▸ Brief
Starting at the top line, print the entries below exactly as they are and skip every picture.

▸ Material provided
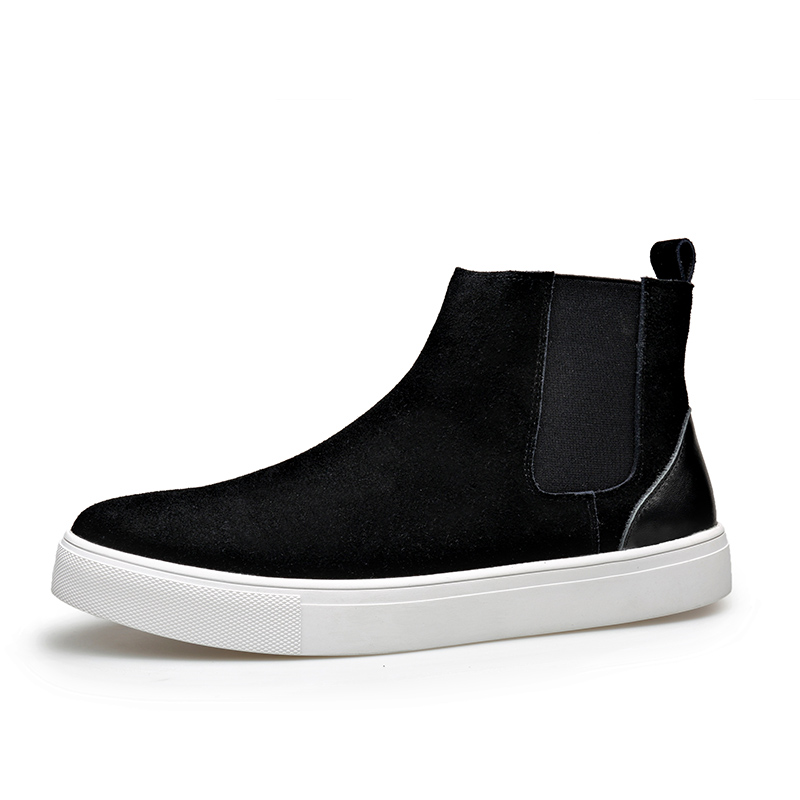 

Короткие мужские ботинки челси Romon, Black Upper White Sole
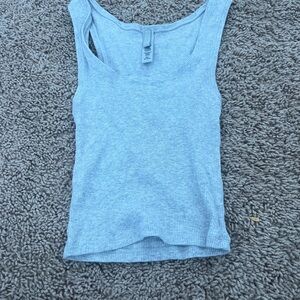 Skims Grey Ribbed Tank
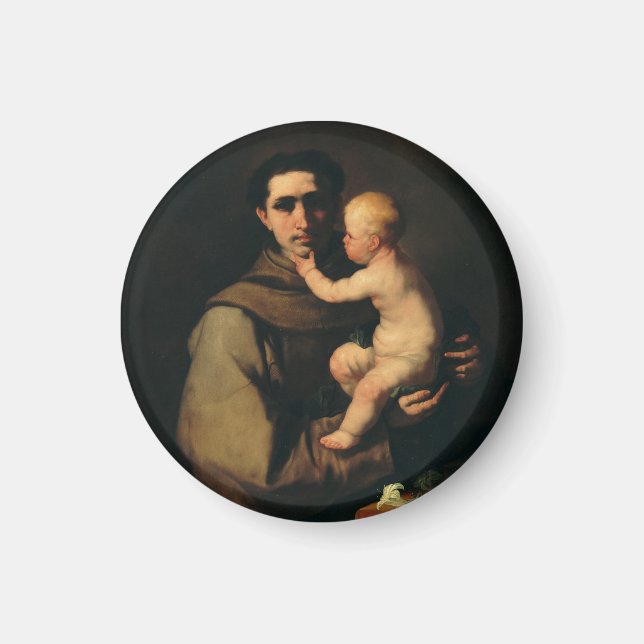 Saint Anthony i Padua av Luca Giordano Magnet (Framsidan)
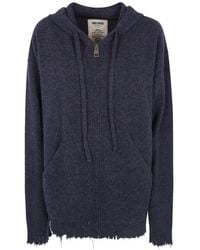 Uma Wang - Hoodie Zippé À Effet Usé - Lyst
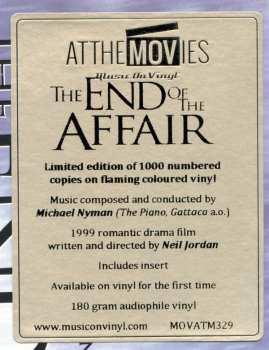 LP Michael Nyman: The End Of The Affair (Original Motion Picture Soundtrack) LTD | NUM | CLR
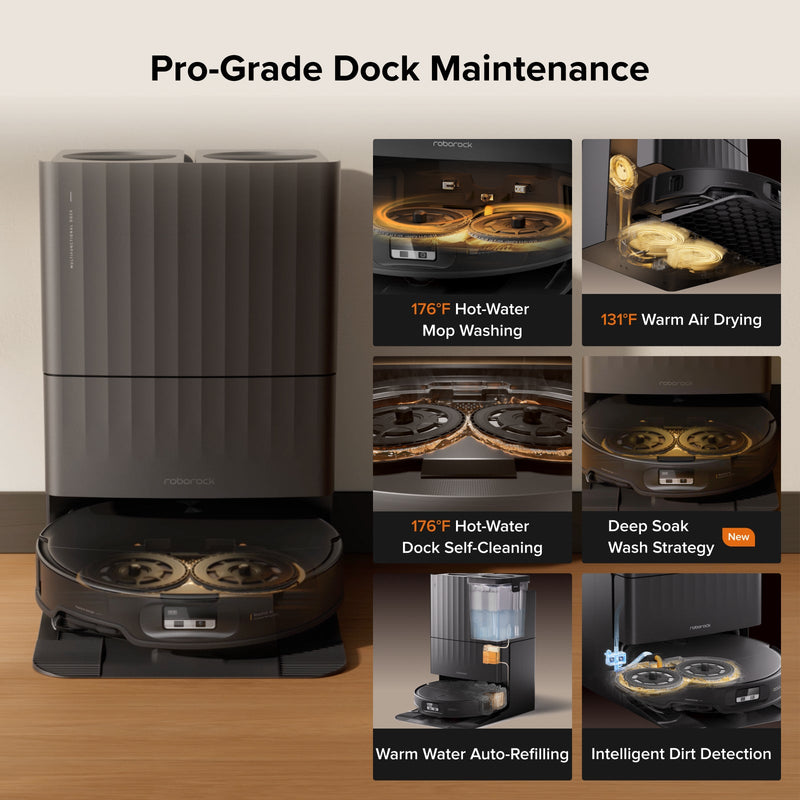 Roborock Qrevo Edge 2 - 25,000 Pa HyperForce™  Suction & Dual Anti-Tangle System
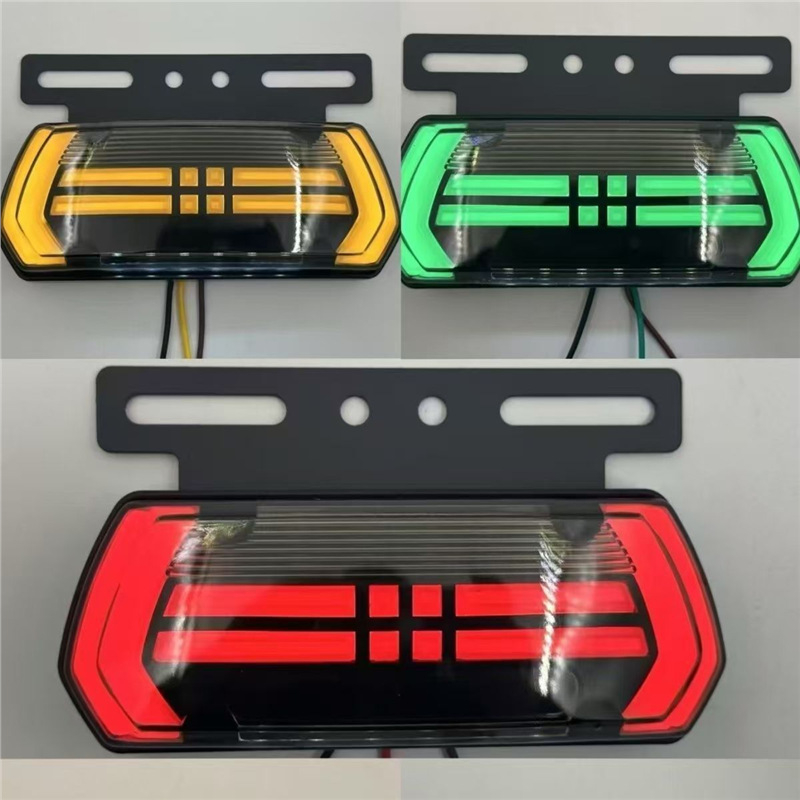 Странично LED осветление за камион с индикатор за завиване и задно осветление, 24V, водоустойчиво, модел: Black Shark Symphony Edge Light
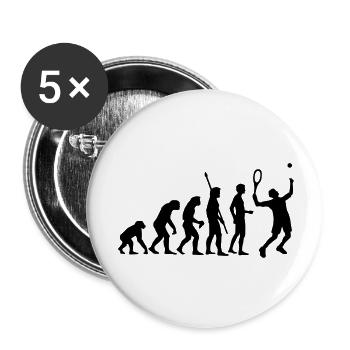 evolution_tennis_b_1c - Buttons groß 56 mm (5er Pack) - Weiß - Vorne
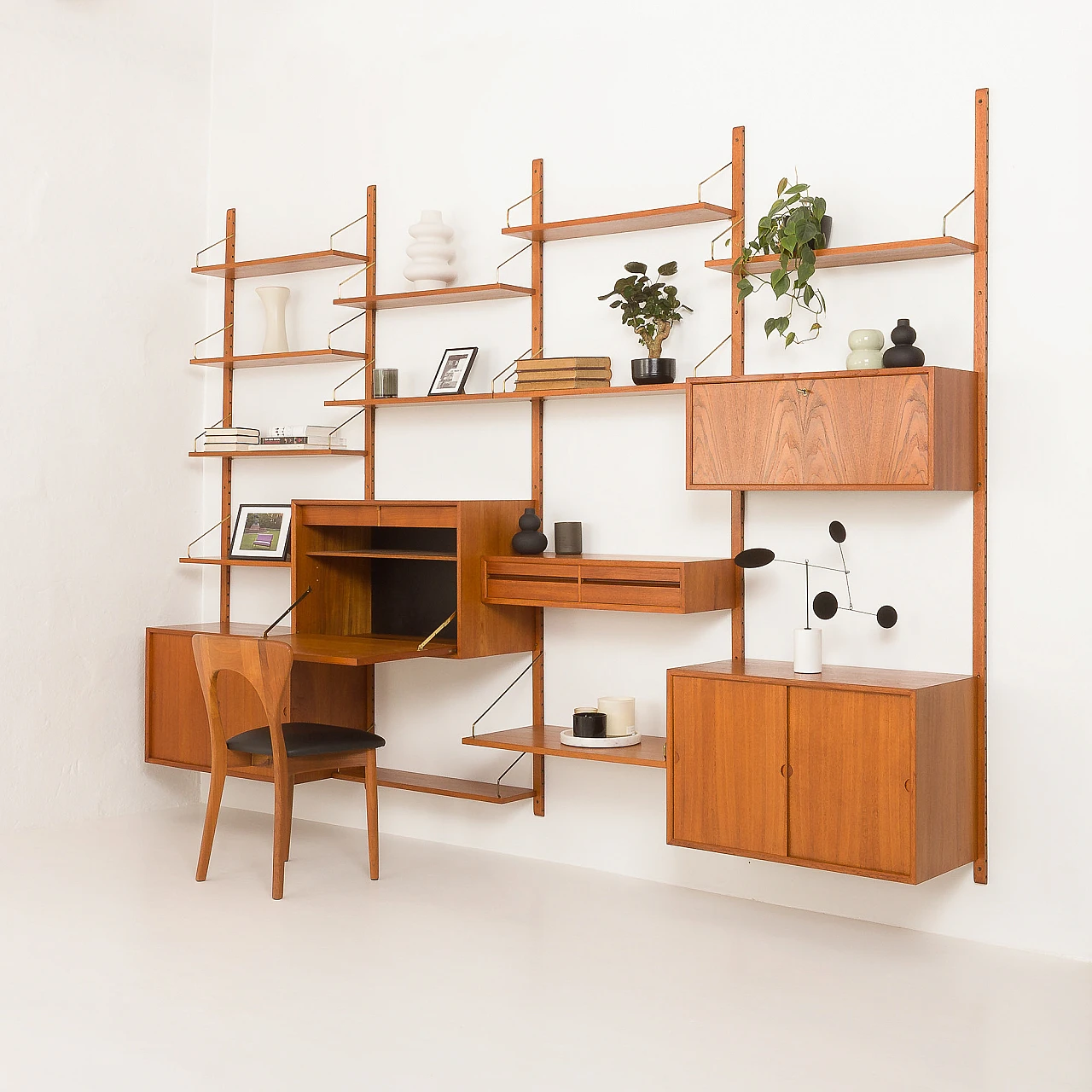 Modular teak bookcase by Poul Cadovius for Cado, 1960s 4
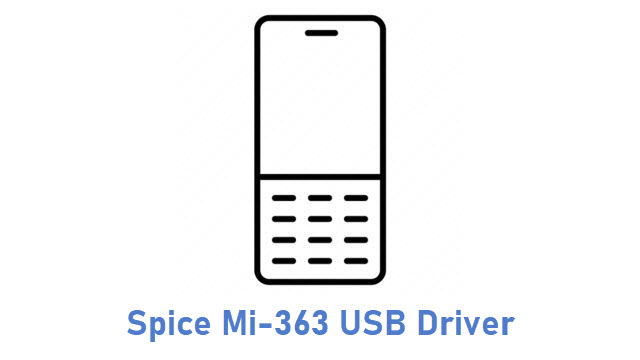 Spice Mi-363 USB Driver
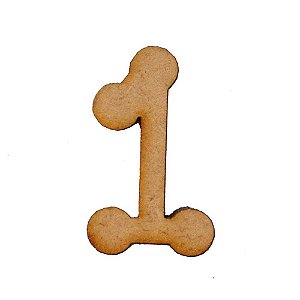 Número MDF Cru 1,5cm 1
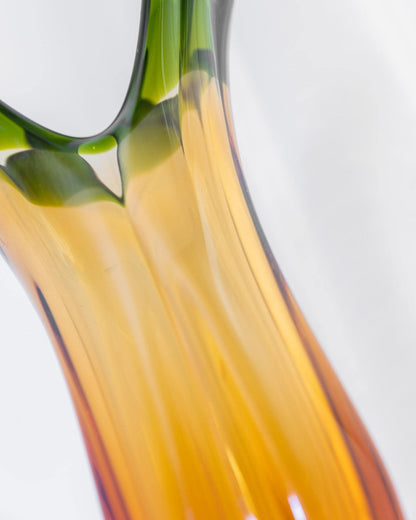 Vintage Ananas-Vase aus Murano Glas von Fratelli Toso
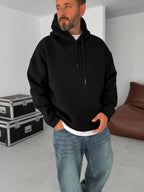 BB Embroidered Hooded Oversize Sweatshirt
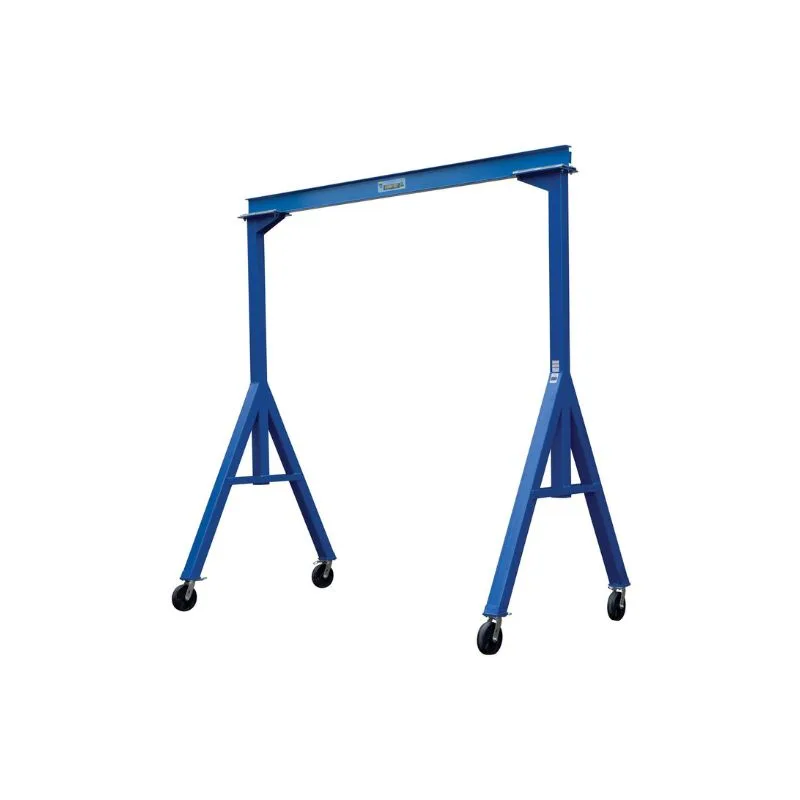 Vestil FHS-4-20 Steel Fixed Gantry Crane with Glass Filled Nylon Casters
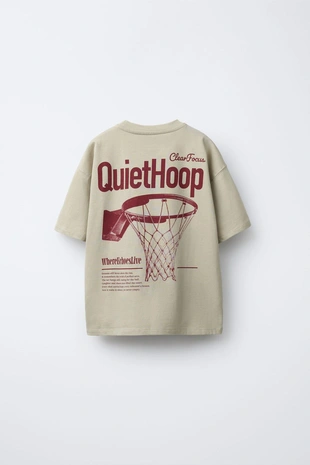 Футболка с принтом «мяч»- Заказать в России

▸ Answer section
Короткие мужские ботинки челси Romon, Black Upper White Sole
 Skims Grey Ribbed Tank
 Saint Anthony i Padua av Luca Giordano Magnet (Framsidan)
 Uma Wang - Hoodie Zippé À Effet Usé - Lyst
 LP Michael Nyman: The End Of The Affair (Original Motion Picture Soundtrack) LTD | NUM | CLR
 Roborock Qrevo Edge 2 - 25,000 Pa HyperForce™  Suction & Dual Anti-Tangle System
 Странично LED осветление за камион с индикатор за завиване и задно осветление, 24V, водоустойчиво, модел: Black Shark Symphony Edge Light
 evolution_tennis_b_1c - Buttons groß 56 mm (5er Pack) - Weiß - Vorne
 Modular teak bookcase by Poul Cadovius for Cado, 1960s 4
 Spice Mi-363 USB Driver
 Número MDF Cru 1,5cm 1
 Vintage Ananas-Vase aus Murano Glas von Fratelli Toso
 BB Embroidered Hooded Oversize Sweatshirt
 Vestil FHS-4-20 Steel Fixed Gantry Crane with Glass Filled Nylon Casters
 Футболка с принтом «мяч»- Заказать в России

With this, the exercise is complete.